The current model is that an object may have different URIs, for example one for the specific oject, and one for a more generic one. The method of handling this hich has been proposed is

You label the URL with its genecity properties
You give links between the specific and the generic versions

For example the headers on an HTTP object might be


	Content-type: image/png
	Content-language: en_us
	URI: "http://foo.com/bar"; vary=language,content-type,version
	URI: "http://foo.com/bar.en_us"; vary=content_type, version
	URI: "http://foo.com/bar.en_us.png"; vary=version
	URI: "http://foo.com/bar.en_us.png.v10"; vary=none

indicating that the document may be refered to in a number of ways, as a gneric document, as specifically the english translation, as specifically the PNG format of that, and specifically as the current bitstream version of the PNG format english translation.

Jumping ahaead a bit, one can see a need for giving more information about these specific encodings:

	
	    ( url "http://foo.com/bar.fr" (vary (langauge content-type)))
	    ( specialization-by "content-language" "http://foo.com/bar" )
	    ( content-langauge: "fr" )

This is one richness which has give the web flexibility, in that it has allowed one to separate the concept of an object from that of a bit pattern, and so allow migration of storage and transmission formats as technology evolves.

The client server model

Do we want to keep the inherent client-server model of HTTP? The thing to which the example link above refers is in the syntax above

	[ [s get:"p?q"] view:"f"]

in which the client-server architecturally embedded. If we looked at it without the client-server distinction then we would just see

	[ ob view:f]

where the implementation of ob could be anywhere. In this model if the object is determined (by some name service) to happen to be on a remote server s, then we have to ask s the whole question:

	[ s view:"ob#f"]

This allows s to return the object ob and view identifier f, or to return an object which encompasses only the view but not all of "ob", or to return an object ob2 which is equivalent in some way to ob, with a view specifier f2 which is the equiavlent (for ob2) of f (for ob). This gets us around the problems such as conversion of an id in an SGML document into a byte rnge in the equivalent text file, or of conversion of a byte range in an original text version to a byte range in an updated version of a living document.

What to save

An essential requirement for system integrity should be repeatability of dereferencing operation. For a user, that means that if he or she is looking at an upside down slowly rotating penguin, and makes a link to it, following that link later will lead to a slowly rotating penguin: not a fixed penguin, or a penguin which can't be displayed until one has input a rotation speed.

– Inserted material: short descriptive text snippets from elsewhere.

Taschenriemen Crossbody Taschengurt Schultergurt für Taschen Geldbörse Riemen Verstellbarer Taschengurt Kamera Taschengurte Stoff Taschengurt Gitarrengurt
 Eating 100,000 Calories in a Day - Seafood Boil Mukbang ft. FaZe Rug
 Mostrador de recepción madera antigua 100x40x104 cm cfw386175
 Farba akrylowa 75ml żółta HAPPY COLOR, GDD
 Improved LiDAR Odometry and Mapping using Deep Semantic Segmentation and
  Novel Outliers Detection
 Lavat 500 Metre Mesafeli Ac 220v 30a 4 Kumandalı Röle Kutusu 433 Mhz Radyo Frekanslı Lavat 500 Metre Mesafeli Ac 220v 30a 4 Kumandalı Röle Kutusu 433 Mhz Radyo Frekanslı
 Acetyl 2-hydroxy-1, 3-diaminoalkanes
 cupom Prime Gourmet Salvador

This means that the "identifier" for this must contain all the function parameters if the penguin is a function. The problem with that is that these things are very cumbersome in URL-encoded form. Hence Larry Masinter's proposal for multipart/form encoding of form parameters. Another more compact proposal is LISP-like syntax.

A sensible proposal then might be to have two alternative syntaxes for which url encodeing would be the defualt for transmission in an HTTP GET, and where the other syntax is usable where readability is desired.

	(query "http://www.w3.org/foo" "something on animals" )
	http://www.w3.org/foo?something+on+animals

	(map "http://s/map" ( 23 48 ) )
	http://s/map?x=23;y=48

	(form "http://s/foo"  (
	    ( name "John Doe" )
	    ( address "1, ridgewater street" )
	    ( state "TX" )
	))
	http://s/foo?name=John+doe;address=1%2c+ridgewater+street;state=TX

	(view "http://www.w3.org/" "Software" )
	http://www.w3.org/#Software

	(view "http://s/foo" ( (r 30.0) (theta 30) (phi 0)) )

This is simply for convenience. It gets over the inconvenience of URL encoding.